Just as I’m about to make myself look at the clock, Katy takes my hand. “My friend Pat told me something the other day. She said she was sitting in her garden, and she was suddenly aware of a yellow butterfly. It reminded her for some strange reason of George. She couldn’t shake the feeling, so she went inside. The next morning she came outside again, and there that butterfly was again. Later that evening she looked for it, but it was gone…flown away. She didn’t see it again. She asked me what I thought about that (if I thought she was weird or crazy or something).” “Well, what did you say?” I prompted when she fell silent. “I was mad, really mad. I told her if George was going to bother flying around in a butterfly, he had better come see me first!” She had tears in her eyes, but she was laughing. I hugged her. “I love you Katy!” I said.
I reluctantly gathered my purse. Katy walked out the door with me to get her mail. Just as we reached my car, we both saw it at once. A yellow butterfly. “Well, goodness,” she said. It fluttered around us. I smiled, and I gave her another hug. “See you Sunday, Sugar,” she called.
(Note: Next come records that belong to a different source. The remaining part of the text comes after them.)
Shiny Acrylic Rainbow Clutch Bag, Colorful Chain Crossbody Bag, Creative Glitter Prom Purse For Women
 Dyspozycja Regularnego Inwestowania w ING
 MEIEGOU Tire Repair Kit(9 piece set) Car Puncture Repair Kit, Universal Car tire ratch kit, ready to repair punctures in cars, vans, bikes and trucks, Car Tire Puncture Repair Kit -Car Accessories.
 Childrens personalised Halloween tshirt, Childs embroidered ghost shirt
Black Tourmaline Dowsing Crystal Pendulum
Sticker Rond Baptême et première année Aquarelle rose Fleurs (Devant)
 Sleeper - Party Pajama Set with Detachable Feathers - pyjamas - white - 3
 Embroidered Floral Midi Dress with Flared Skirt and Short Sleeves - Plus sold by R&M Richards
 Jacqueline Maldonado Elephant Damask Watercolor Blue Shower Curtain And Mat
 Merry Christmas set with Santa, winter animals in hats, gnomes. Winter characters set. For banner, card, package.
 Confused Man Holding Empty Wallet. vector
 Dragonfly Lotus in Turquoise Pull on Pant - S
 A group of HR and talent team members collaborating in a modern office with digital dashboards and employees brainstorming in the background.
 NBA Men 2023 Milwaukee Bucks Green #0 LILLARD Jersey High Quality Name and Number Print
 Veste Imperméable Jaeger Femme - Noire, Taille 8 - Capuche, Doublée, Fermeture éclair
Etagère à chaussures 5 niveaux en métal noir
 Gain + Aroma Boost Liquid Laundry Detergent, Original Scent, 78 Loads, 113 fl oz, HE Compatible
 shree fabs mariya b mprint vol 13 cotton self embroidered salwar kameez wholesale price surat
This is an edited post from the archives. My beautiful friend, Katy, passed away Saturday, March 18, 2012.
We love you Katy. Thank you for telling me to write. I might not have been brave enough without you. You are one of the best story-tellers I have ever heard. You have made heaven a brighter place, and I know George is dancing around you. From one blue goose to another, Katie.